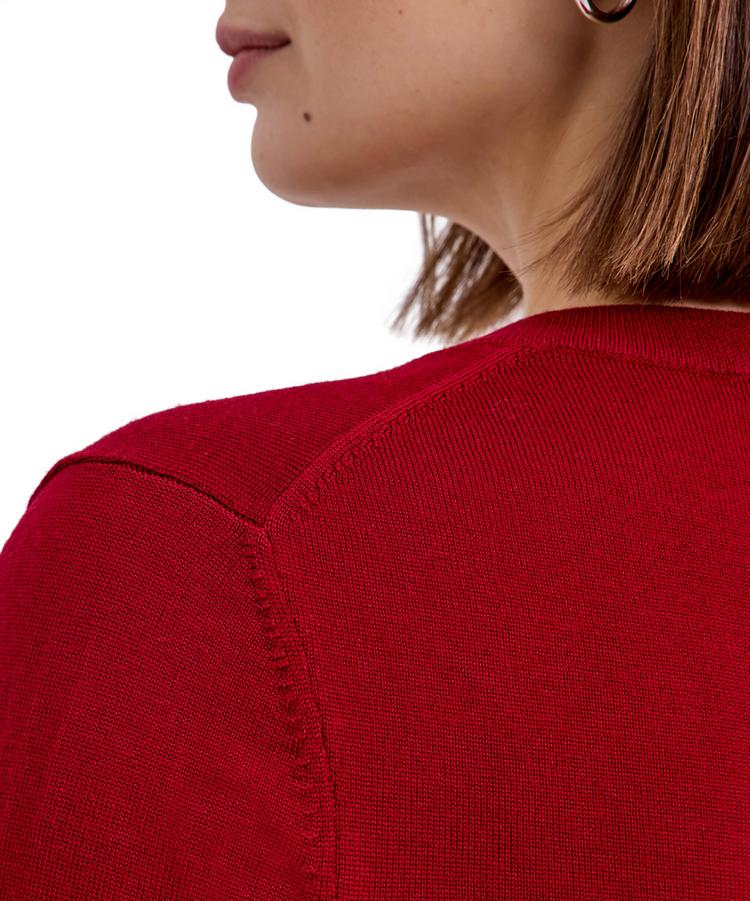 Falke Falke Merino X-fine V-Neck Strickpullover Damen - red velvet (8264) - 3 | SportScheck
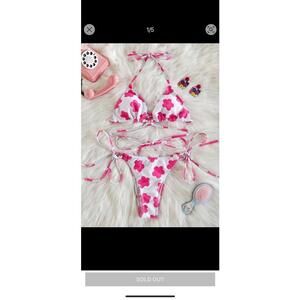 SHEIN Floral print halter bikini Small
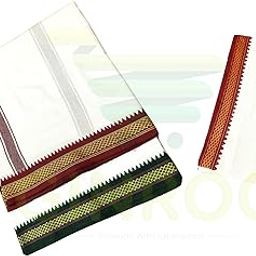 Men’s Traditional White Cotton Dhoti (4.5 Meters) with Matching Angavastram/Towel/Gamcha (2 Meters) –South Indian Style Pure Cotton Combo with Red & Green Broad Borders-image-21
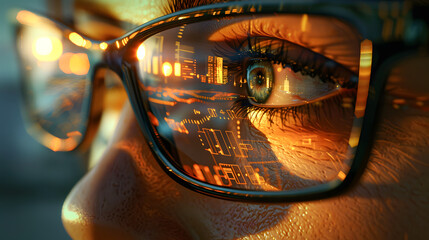 Futuristic woman with digital code reflection in glasses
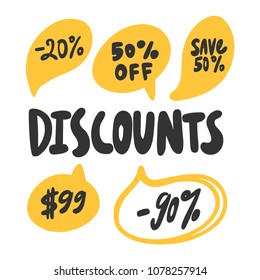 Discounts. -20%, 50% off, save, $99, -90%. Sticker for social media content. Vector hand drawn illustration design. Bubble pop art comic style poster, t shirt print, post card, video blog cover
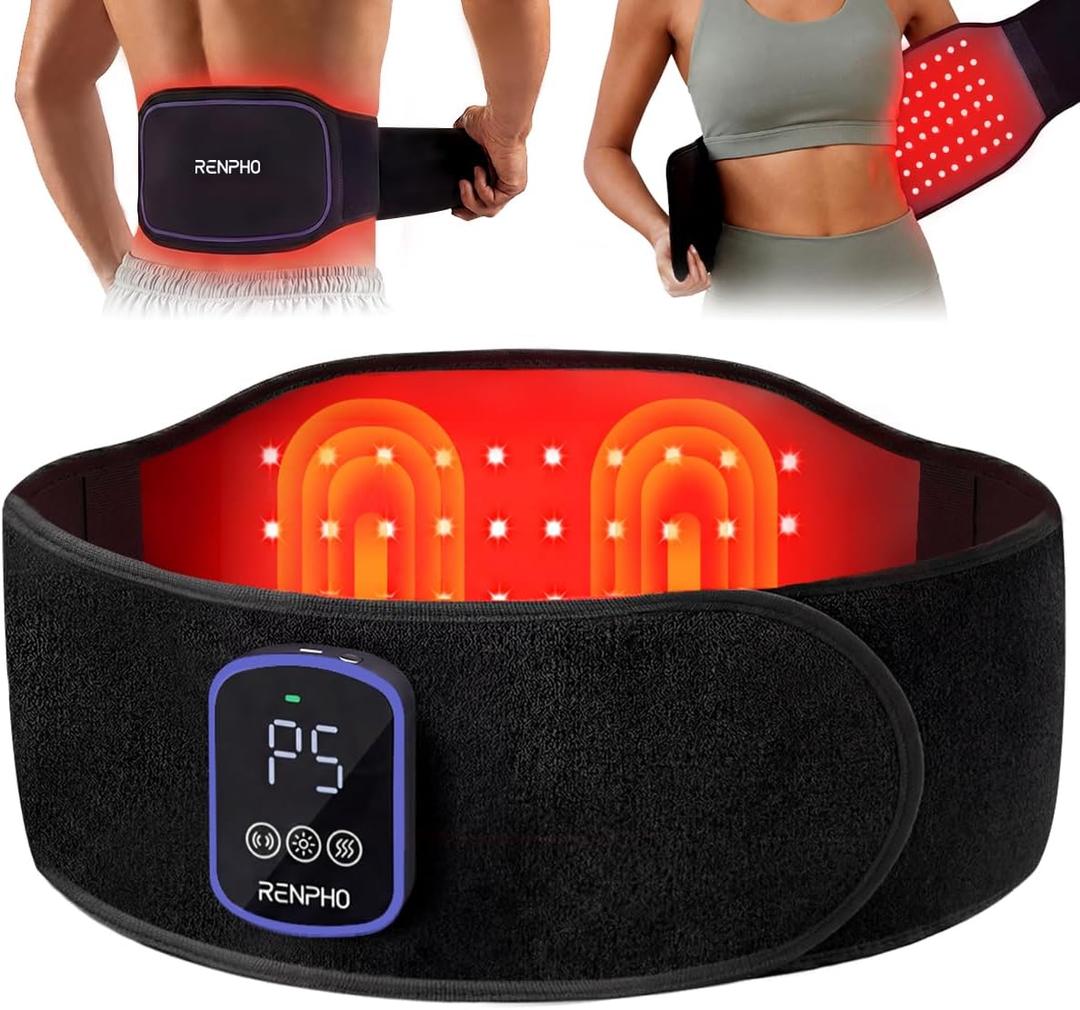 RENPHO Cordless Back Wrap Massager with Red light Therapy, Fathers Day Gifts Heating and Vibration, FSA Wearable Provides Lower Back Support Body Shoulder Heating Pad for Back Pain, Sweatproof TPU HSA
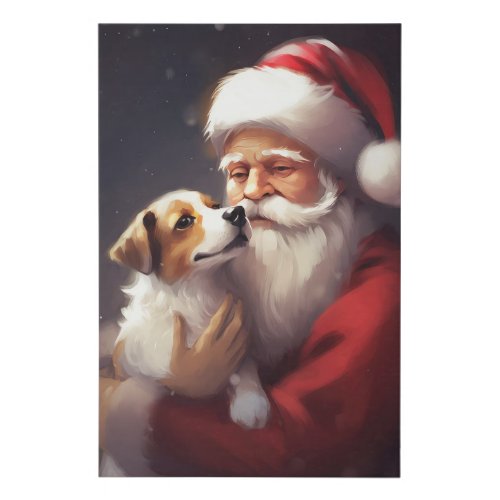 Jack Russell With Santa Claus Festive Christmas Faux Canvas Print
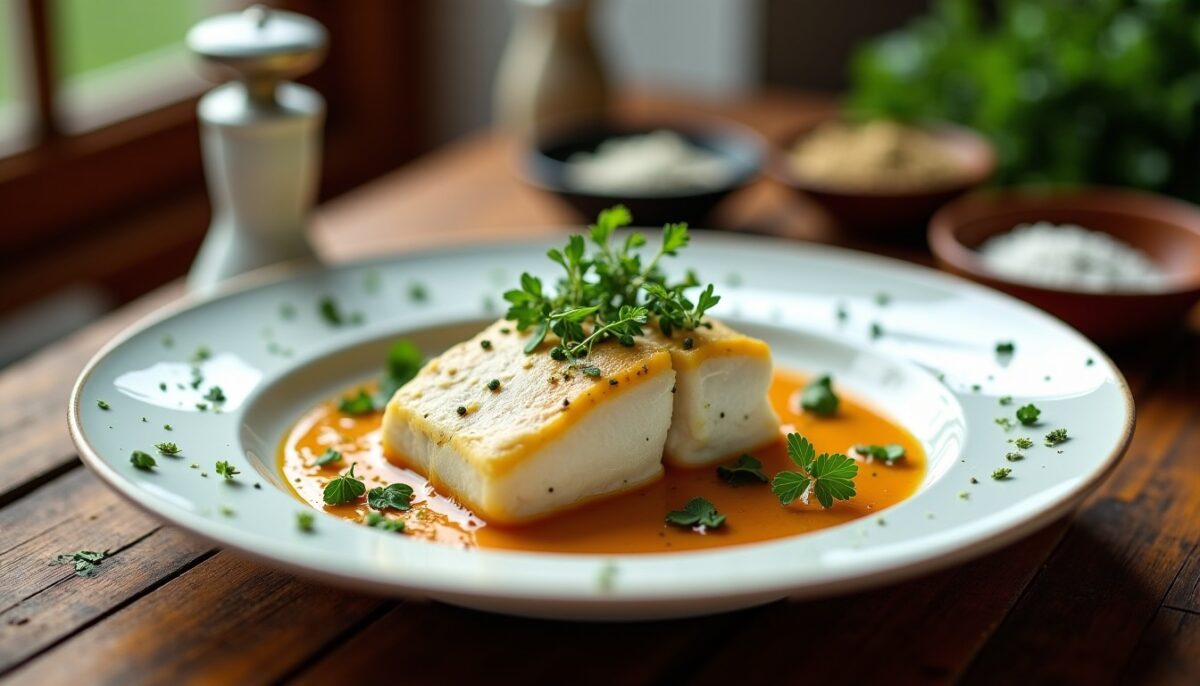 Filet de cabillaud nappé d'une onctueuse sauce au bleu : une recette alliant saveurs et gourmandise
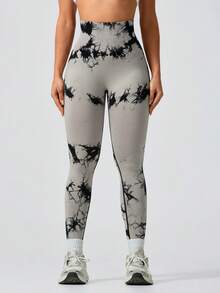 26AW Nouveau Legging de Sport Yoga Fitness Femme Tie-Dye Taille Haute Effet Pêche, Pantalon Sculptant Taille Côtelée, Pantalon de Cyclisme Extérieur, Pantalon Serré Respirant à Séchage Rapide et Anti-Humidité, Pantalon de Course, Entraînement, Legging de Sport Polyvalent Gris, Port Toutes Saisons, Tenue Nouvel An, Coupe du Monde - Gris pâle - Voir 2
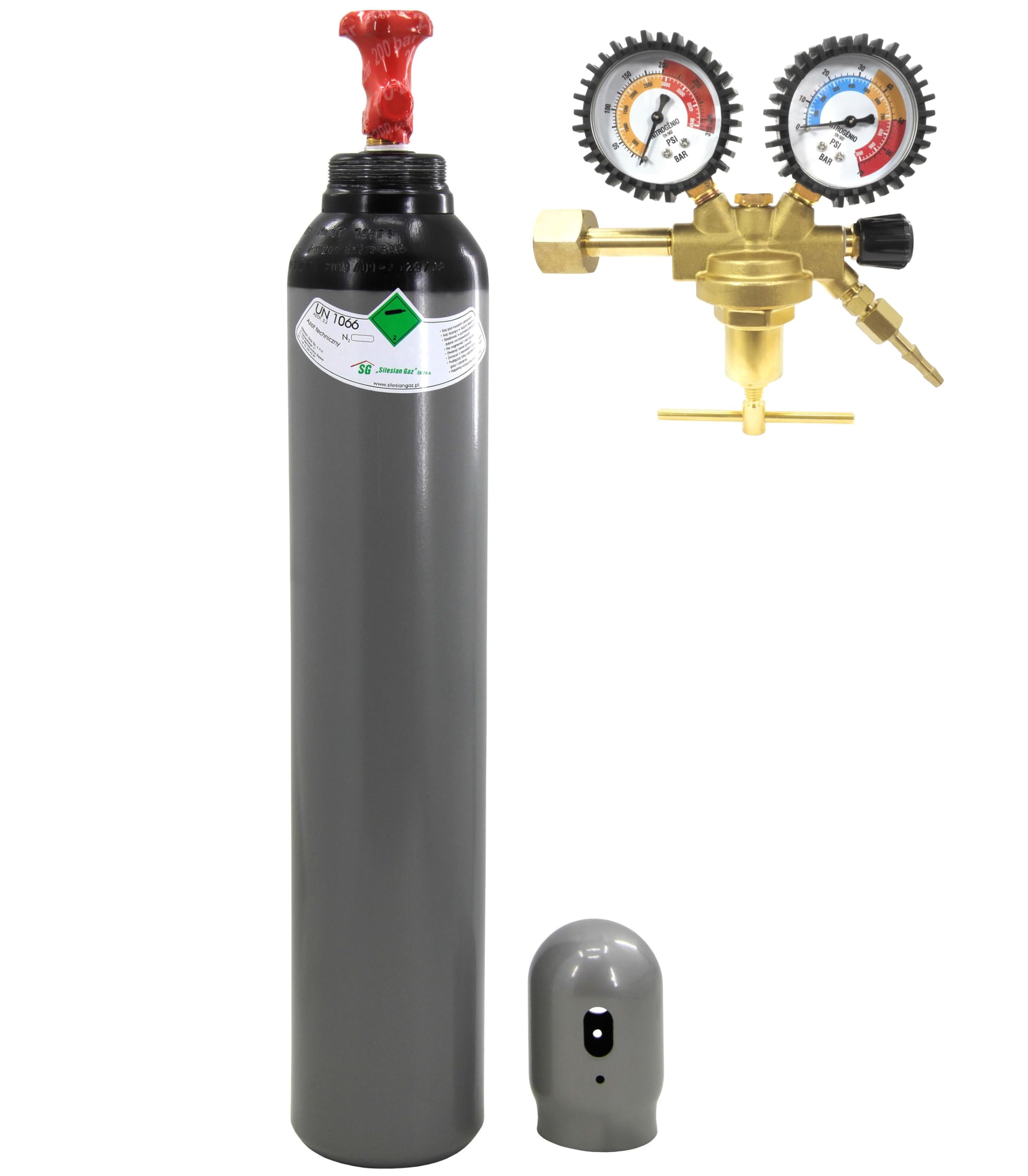 Botella de nitrógeno de 8 L + regulador de presión de nitrógeno, botella de nitrógeno con regulador de presión, 40 bar, 200 bar, 1,8 m3
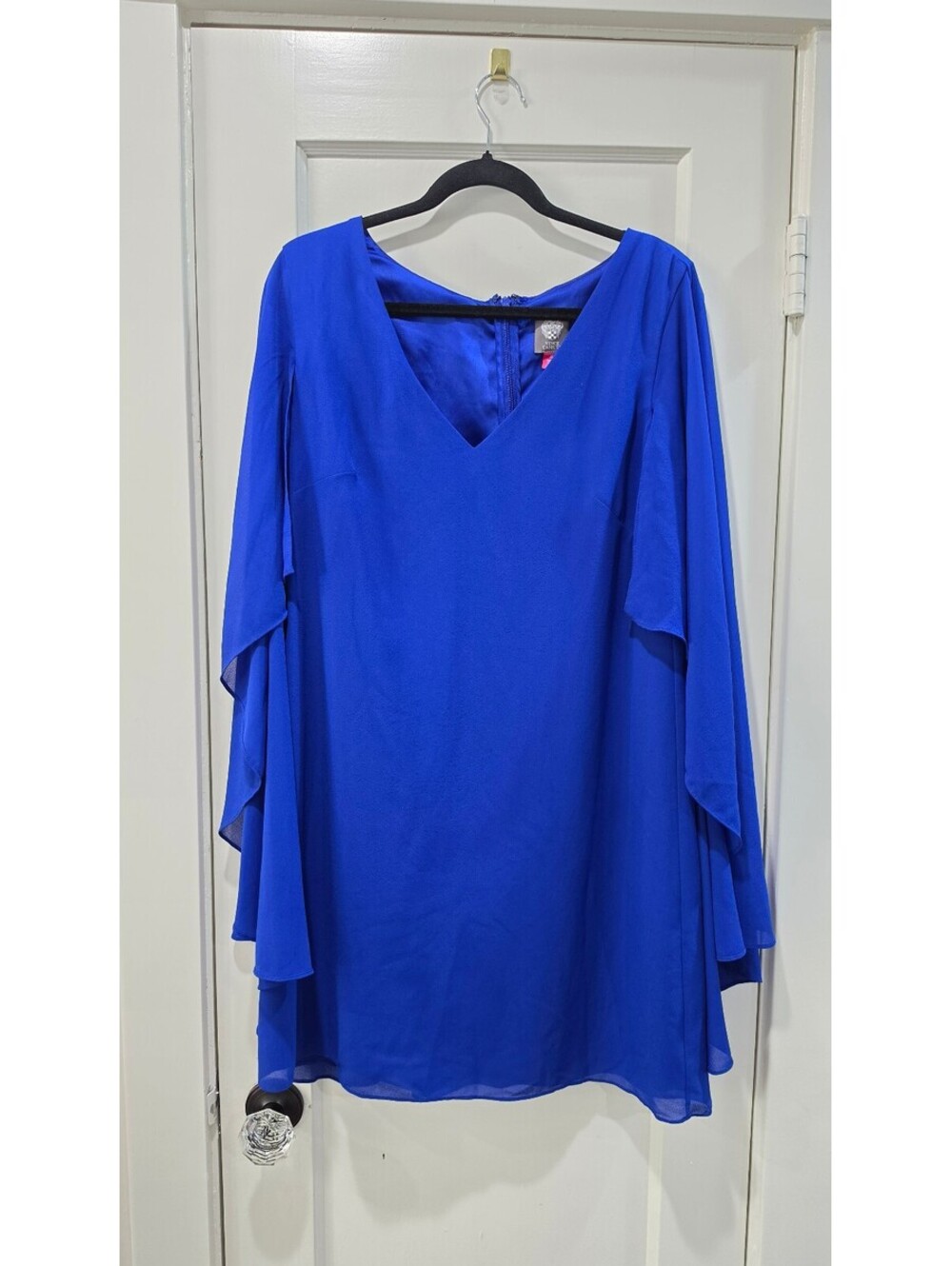 Vince Camuto Royal Blue Chiffon Cape Dress Size 12
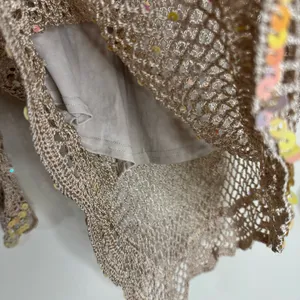 R & M Richards Y2K Beige Crochet Knit Fairycore Long Sleeve Top with Sequins Size L Festival thumbnail 9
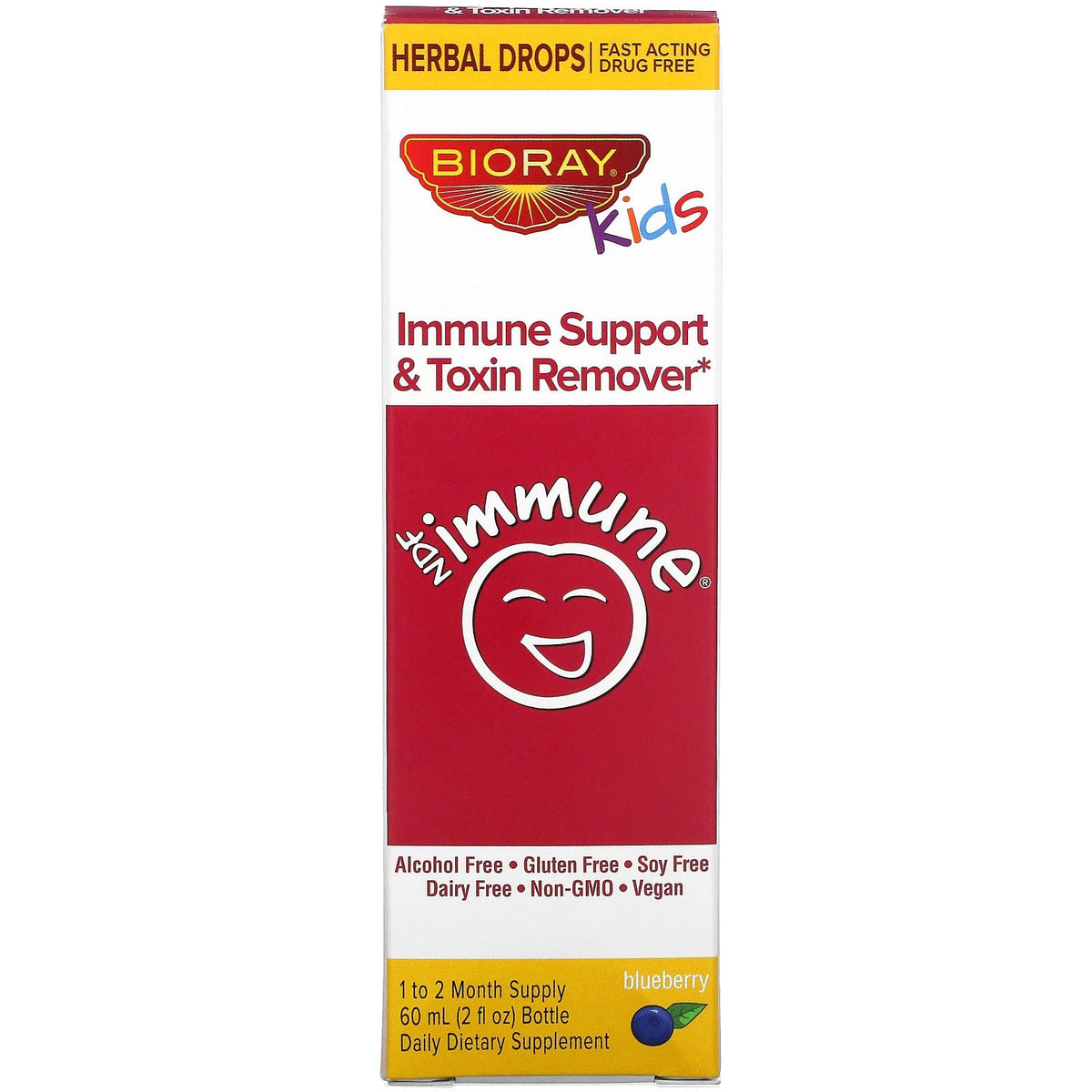 BIORAY Kids NDF Immune Blueberry Liquid for Immune Support - 2 fl oz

What is required: Give again, word for word, only the lines from the one with "Futuristic woman with" through the last line of the entries, both included; no pictures go in the copy.

Finished exercise:
 Futuristic woman with digital code reflection in glasses
 Discounts. -20%, 50% off, save, $99, -90%. Sticker for social media content. Vector hand drawn illustration design. Bubble pop art comic style poster, t shirt print, post card, video blog cover
 RENPHO Cordless Back Wrap Massager with Red light Therapy, Fathers Day Gifts Heating and Vibration, FSA Wearable Provides Lower Back Support Body Shoulder Heating Pad for Back Pain, Sweatproof TPU HSA
 Jack Russell With Santa Claus Festive Christmas Faux Canvas Print
 Filet de cabillaud nappé d'une onctueuse sauce au bleu : une recette alliant saveurs et gourmandise
 26AW Nouveau Legging de Sport Yoga Fitness Femme Tie-Dye Taille Haute Effet Pêche, Pantalon Sculptant Taille Côtelée, Pantalon de Cyclisme Extérieur, Pantalon Serré Respirant à Séchage Rapide et Anti-Humidité, Pantalon de Course, Entraînement, Legging de Sport Polyvalent Gris, Port Toutes Saisons, Tenue Nouvel An, Coupe du Monde - Gris pâle - Voir 2
 Botella de nitrógeno de 8 L + regulador de presión de nitrógeno, botella de nitrógeno con regulador de presión, 40 bar, 200 bar, 1,8 m3
 Vince Camuto Royal Blue Chiffon Cape Dress Size 12
 R & M Richards Y2K Beige Crochet Knit Fairycore Long Sleeve Top with Sequins Size L Festival thumbnail 9
 BIORAY Kids NDF Immune Blueberry Liquid for Immune Support - 2 fl oz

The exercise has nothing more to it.